Kenangan ini muncul di benak saya, juga karena di bulan Juli kita memperingati hari di mana Bapa Paus menerima Santo Josemaria untuk pertama kali. Itu terjadi pada tanggal 16 Juli 1946, tiga minggu sesudah kedatangan Santo Josemaria untuk pertama kali di Roma. Beberapa hari sebelumnya, Pius XII telah mengirim sebuah foto, melalui Monsinyur Montini, (yang kemudian menjadi Paus Paulus VI) dengan dedikasi tulisan tangan Bapa Paus sendiri, yang mengirim berkat bagi sang pendiri dan bagi Opus Dei. Betapa besar sukacita Santo Josemaria pada saat itu. Dengan segera ia menulis kepada putra-putrinya: Saya menerima berkat dengan tulisan tangan Bapa Paus sendiri bagi"pendiri Serikat Imam Salib Suci dan Opus Dei ". Betapa besar sukacitaku! Saya mencium foto itu beribu kali. Dan kemudian sebagai tambahan Santo Josemaria menulis (dalam surat itu):  Jangan lupa berdoa dan bersukacitalah selalu[3]. Selalu berdoa untuk Bapa Paus dan intensinya adalah suatu pusaka peninggalan dari pendiri kita yang telah disampaikan dengan penuh kesetiaan kepada kita oleh Don Alvaro, penerusnya yang pertama. Sekarang, giliran saya untuk menguatkan kalian dalam pokok semangat Katolik ini. Sering sudah saya melakukan hal ini, tetapi di masa-masa sulit seperti sekarang ini, ketika di banyak tempat terdengar suara-suara kritis terhadap Gereja dan Bapa Suci, saya merasa terdorong untuk mendesak kalian.
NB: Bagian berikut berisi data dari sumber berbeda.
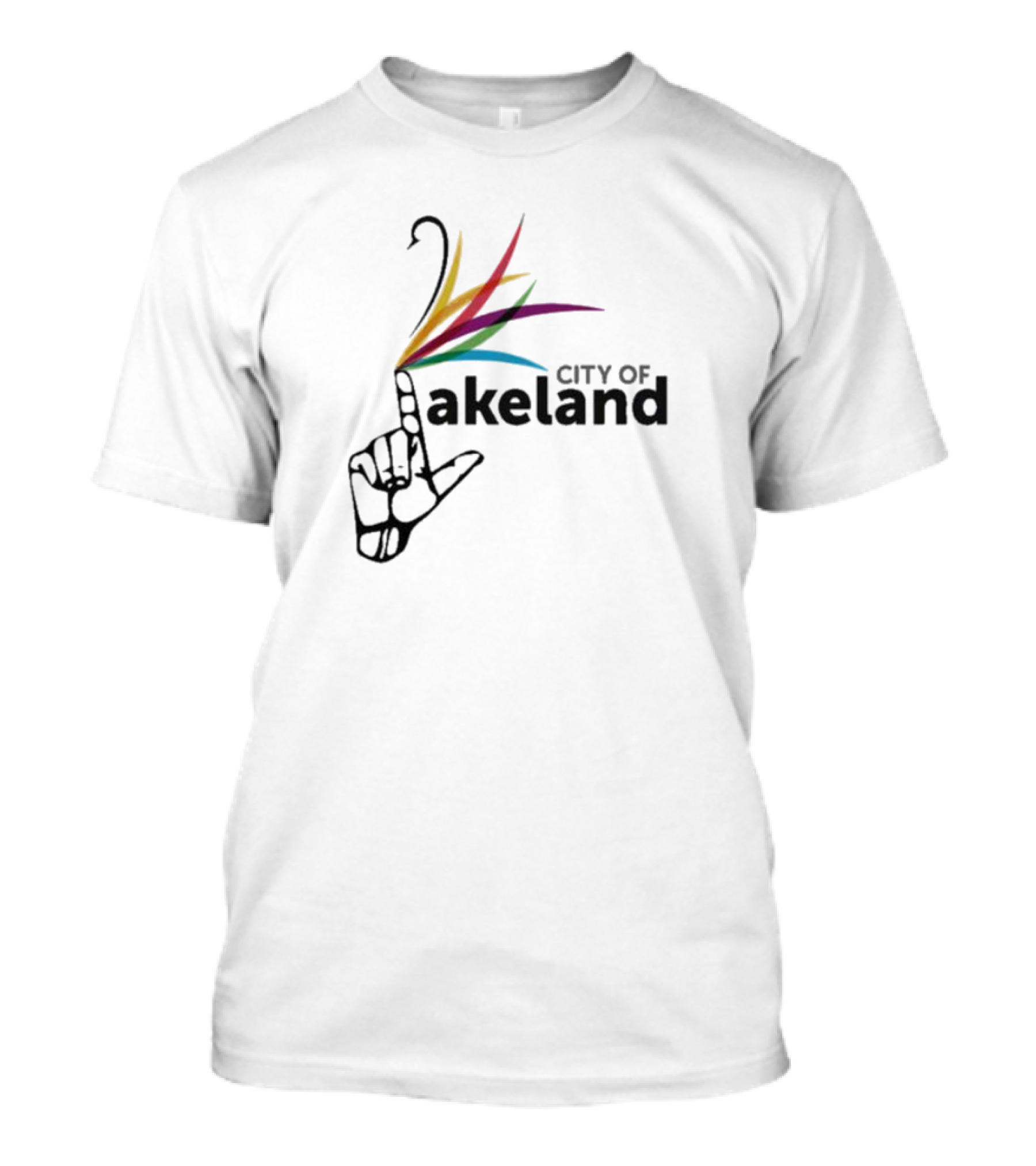 City Of Lakeland Hand Gesture With Colorful Feathers T-Shirt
Hari Raya Santo Petrus dan Paulus, Para Rasul yang telah membangun Gereja di Roma dengan darah dan yang  merupakan pilar dari Gereja universal, membawa kita untuk  mengintensifkan persatuan dengan Bapa Suci: cintailah Bapa Paus! dan usahakan supaya banyak wanita dan pria bertumbuh dalam cinta mereka pada Petrus!
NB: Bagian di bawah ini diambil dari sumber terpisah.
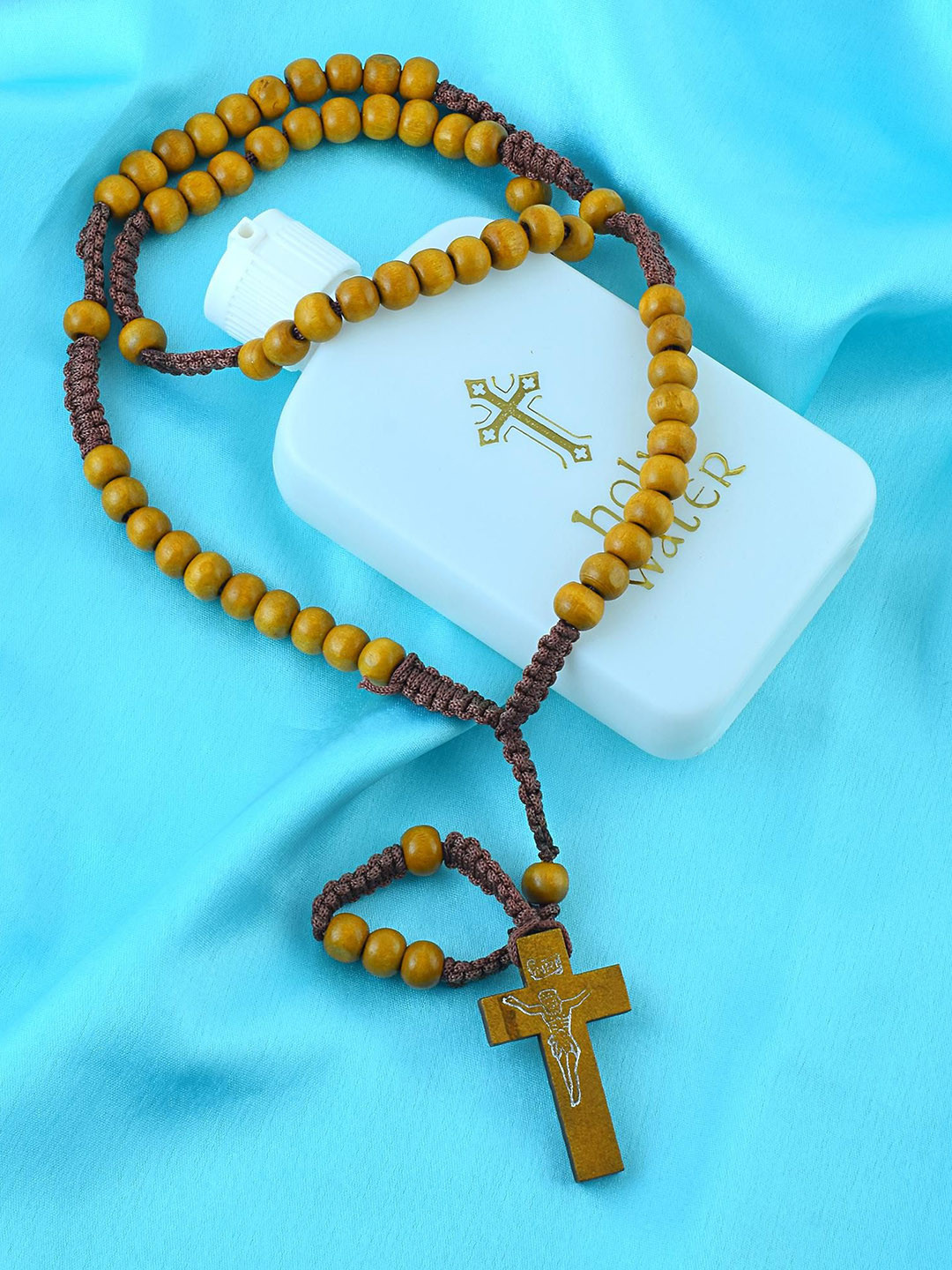 Missmister Gold-Plated Christian Rosary & Holy water Beads Beaded Pendants with Chains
Dalam Audiensi umum beberapa pekan terakhir, Paus Benediktus XVI menekankan keefektivitasan doa. Mengacu kepada saat-saat tertentu dari kehidupan Gereja perdana, Bapa Paus berbicara mengenai reaksi para umat beriman dalam menghadapi serangan dan penganiayaan yang mereka derita. Kita semua ingat ketika Petrus dan Yohanes dipenjarakan oleh anggota Sanhedrin, yang melarang mereka dengan ancaman keras untuk tidak berkhotbah dalam nama Yesus.[4]  Setelah dibebaskan, Para Rasul berkumpul dengan umat Kristiani perdana dan menceritakan ancaman- ancaman yang mereka terima. Bapa Paus menekankan bahwa Komunitas Kristiani perdana tersebut tidak hanya tidak takut dan tidak terpecah belah, tetapi malah sangat bersatu,  seolah-olah satu pribadi dalam doa permohonan pada Tuhan (...). Dalam masa pencobaan itu apakah yang diminta oleh komunitas Kristiani?  Mereka tidak meminta keselamatan hidup dalam menderita penganiayaan, atau meminta Tuhan menghukum mereka yang memenjarakan Petrus dan Yohanes. Mereka hanya mohon agar mereka dapat "mewartakan Firman Allah dengan keberanian"(Bdk. Kisah Para Rasul 4, 29), yakni agar mereka tidak kehilangan keberanian iman, keberanian untuk mewartakan iman [5]. .Dan mereka melakukannya dengan mendaraskan Mazmur 2, yang meramalkan bahwa Mesias akhirnya akan diakui, meskipun banyak serangan dari musuh-musuh-Nya.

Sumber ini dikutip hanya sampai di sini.